Exercise brief> Give the records again exactly. Pictures do not belong in the copy.

[Stored data]
· · · · · · ·
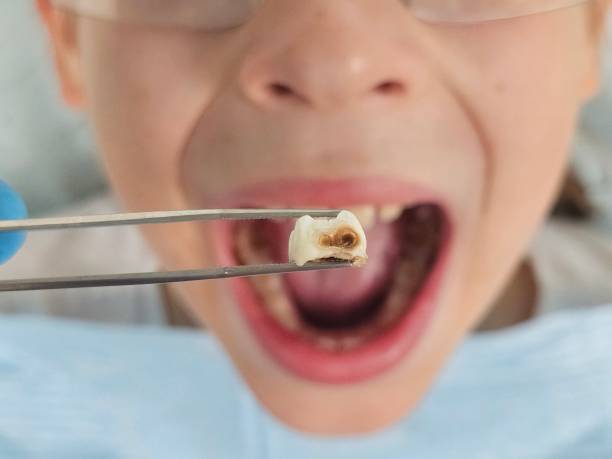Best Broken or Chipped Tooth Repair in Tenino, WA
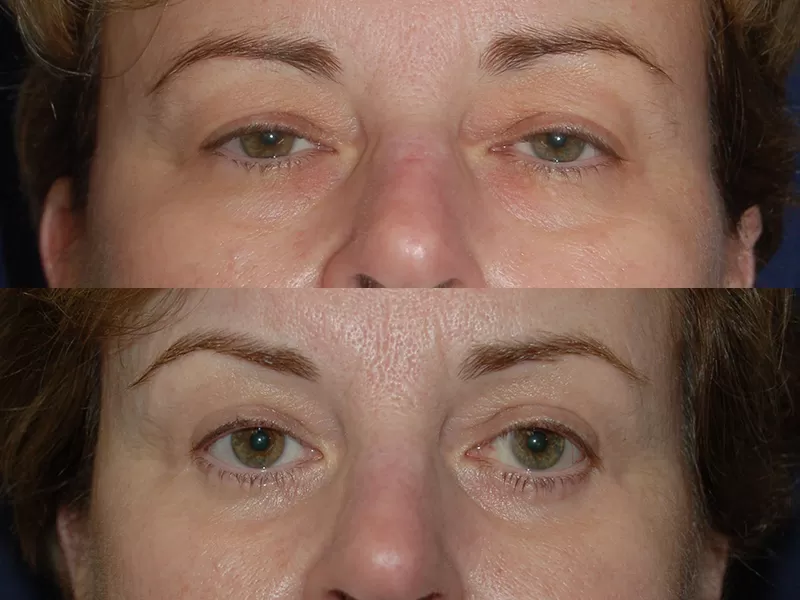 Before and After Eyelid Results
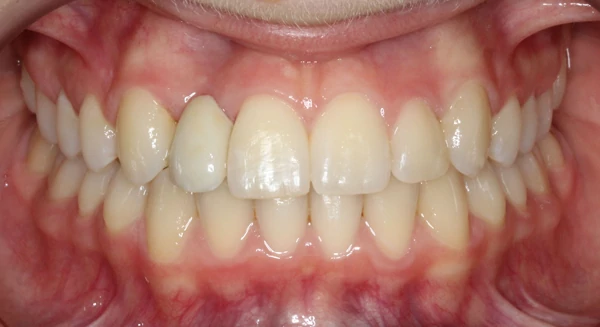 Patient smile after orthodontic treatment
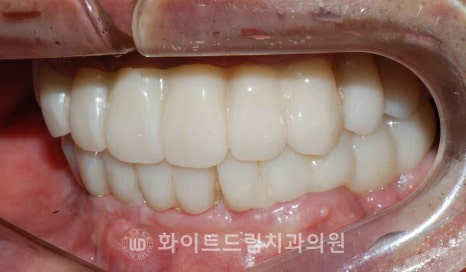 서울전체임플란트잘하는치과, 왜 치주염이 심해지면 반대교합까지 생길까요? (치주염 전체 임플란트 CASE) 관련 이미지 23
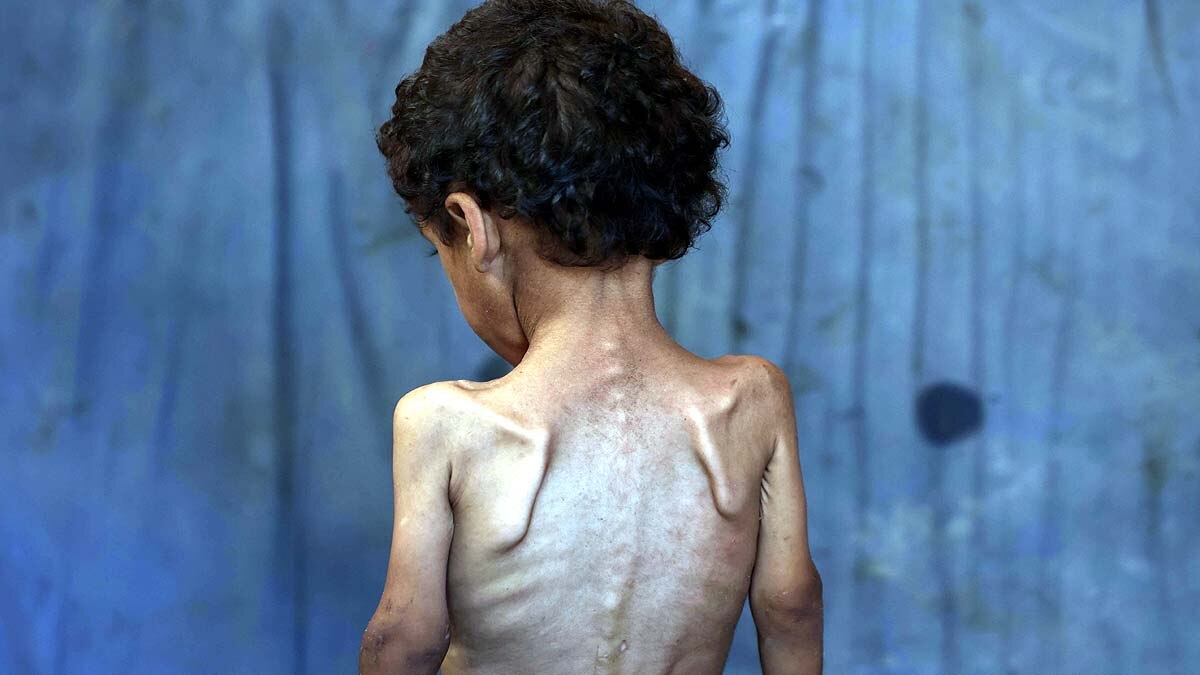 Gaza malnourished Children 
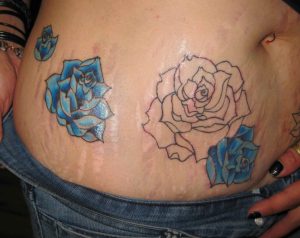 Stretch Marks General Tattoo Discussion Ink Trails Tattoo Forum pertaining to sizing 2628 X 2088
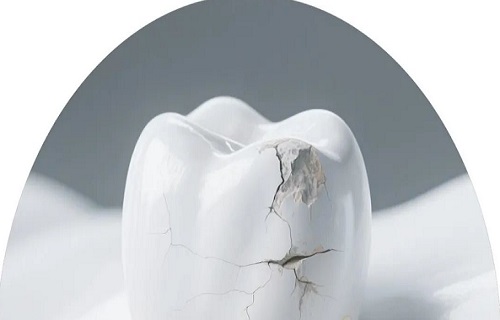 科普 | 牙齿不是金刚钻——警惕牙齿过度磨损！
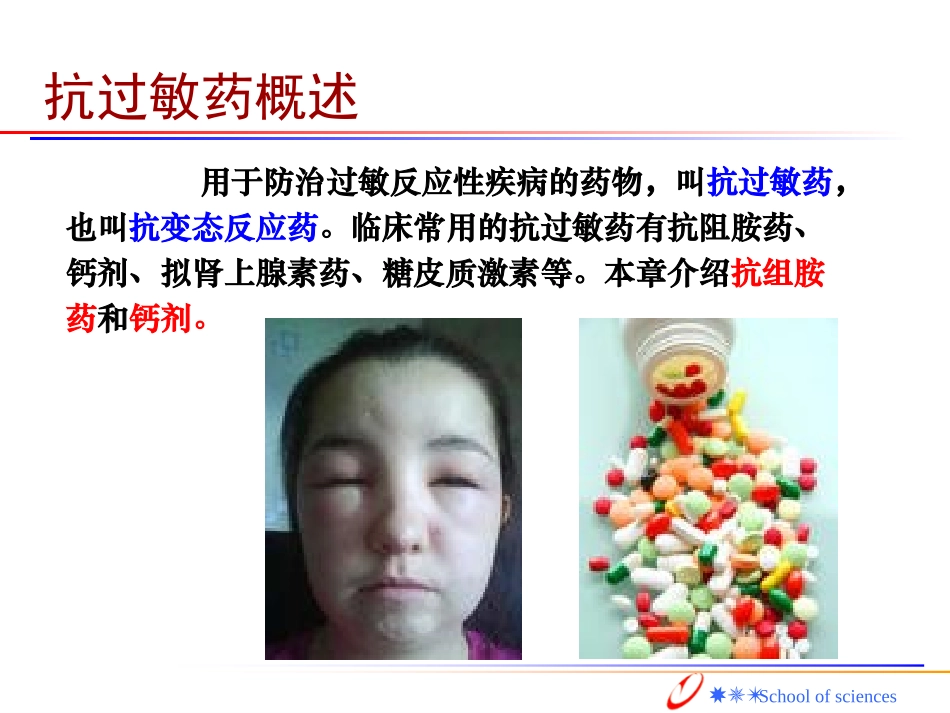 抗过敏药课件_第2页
· · · · · · ·
Result>
Best Broken or Chipped Tooth Repair in Tenino, WA
 Before and After Eyelid Results
 Patient smile after orthodontic treatment
 서울전체임플란트잘하는치과, 왜 치주염이 심해지면 반대교합까지 생길까요? (치주염 전체 임플란트 CASE) 관련 이미지 23
 Gaza malnourished Children 
 Stretch Marks General Tattoo Discussion Ink Trails Tattoo Forum pertaining to sizing 2628 X 2088
 科普 | 牙齿不是金刚钻——警惕牙齿过度磨损！
 抗过敏药课件_第2页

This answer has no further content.